Based on Fielding’s 1996 novel of the same name – itself a reinterpretation of Jane Austen’s Pride and Prejudice – Bridget Jones’s Diary stars Renée Zellweger as the titular singleton (covered in scales of course), who writes a journal which focuses on the things she wishes to happen in her life.

Colin Firth, Hugh Grant, Jim Broadbent, and Gemma Jones feature masterfully in supporting roles, completing the cast of the greatest film about a British woman starring a Texan that has ever been made...

Bridget Jones is an assistant at a London book publisher, who can’t help but feel time is passing her by. Bridget may not be perfect – she loves a cigarette and a tipple – but she’s had enough of being on life’s shelf.

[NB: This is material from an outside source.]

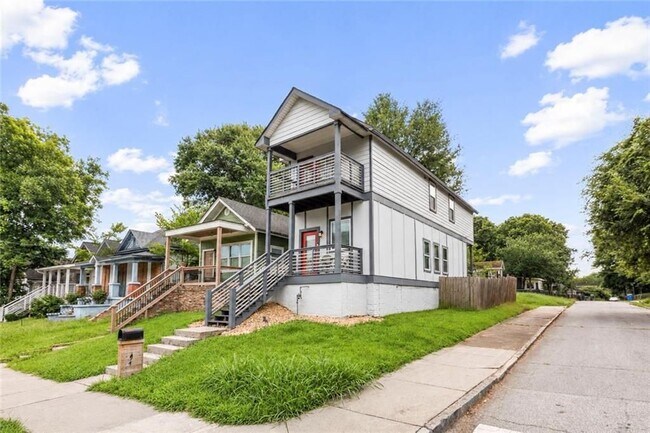 Foto del edificio - 494 Rockwell St SW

As a new year’s resolution, she vows to get her act together – no sooner doing so than attracting the attention of her suave and charming boss, Daniel Cleaver (Grant). When a romance swiftly ensues, Bridget could not be happier, though there may be more to the dashing Daniel than meets the eye.

Not only that, things are complicated further by the seemingly dull and unyielding Mark Darcy (Firth), who seems to arrive in Bridget’s life at every turn to cast light on her shortcomings.

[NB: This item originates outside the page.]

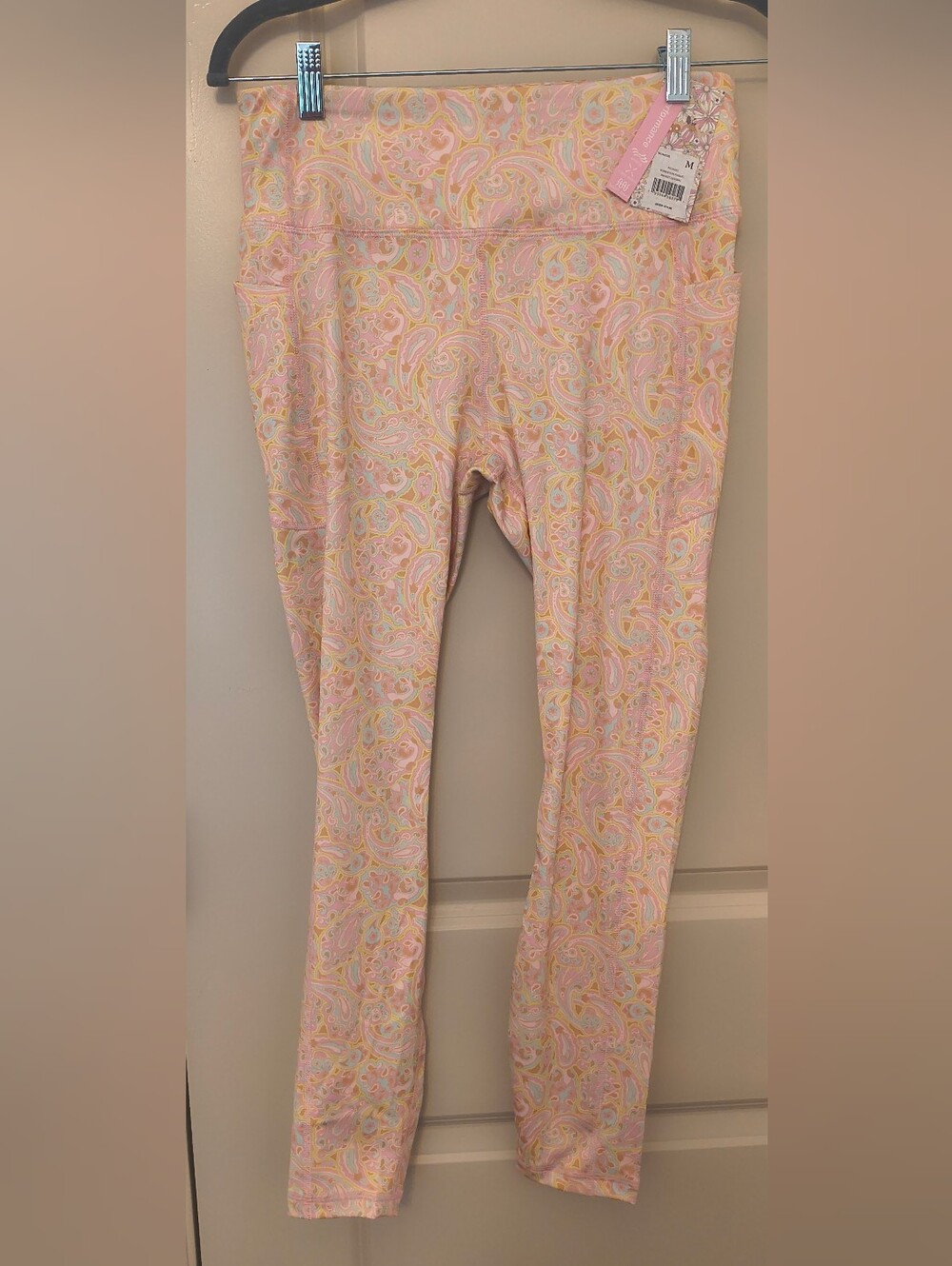 Kensie Paisley Leggings in Pink with Pastel Accents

But could this cold and rigid bore hold the true key to her heart? On a journey filled with fancy dress blunders, fireman’s pole hiccups and public speaking disasters, we’re about to find out...

Bridget Jones’s Diary premiered in April 2001, opening to positive reviews and massive box office receipts, grossing over $280 million worldwide.

Maguire’s direction was praised by critics, along with the screenplay, the film’s jovial tone and Zellweger’s stellar performance, which in fact garnered her a nomination for the Academy Award for Best Actress.

Over the years, Bridget Jones’s Diary has been hailed as a cult classic as well as a significant player in English pop culture with the character of Bridget being cited as a British culture icon.

The success of the film spawned a Bridget Jones franchise with two equally successful sequels being released – Bridget Jones: The Edge of Reason in 2004, and Bridget Jones’s Baby in 2016.

In general Bridget Jones’s Diary stands as the triumphant result of an almost perfect rom-com recipe – a floppy-haired Englishman, a clumsy underdog of a hero/heroine, garden parties aplenty, and a soundtrack you can set your heart to.

Both Grant and Firth are superb throughout – featuring in one of the most iconic and side-splitting fight scenes that cinema has ever graced us with – and both Broadbent and Jones are supreme in their roles as the parents of our unlikely and ultimately lovable leading lady.

Bridget Jones’s Diary is the ultimate in honest and hilarious feel-good hits, and I’d challenge anyone – man, boy, woman or girl – to watch it without seeing at least a little something of themselves in it’s key protagonist.

One thing’s for sure – if we were all just like Bridget, the world would be a bit brighter... if not possibly a little drunker.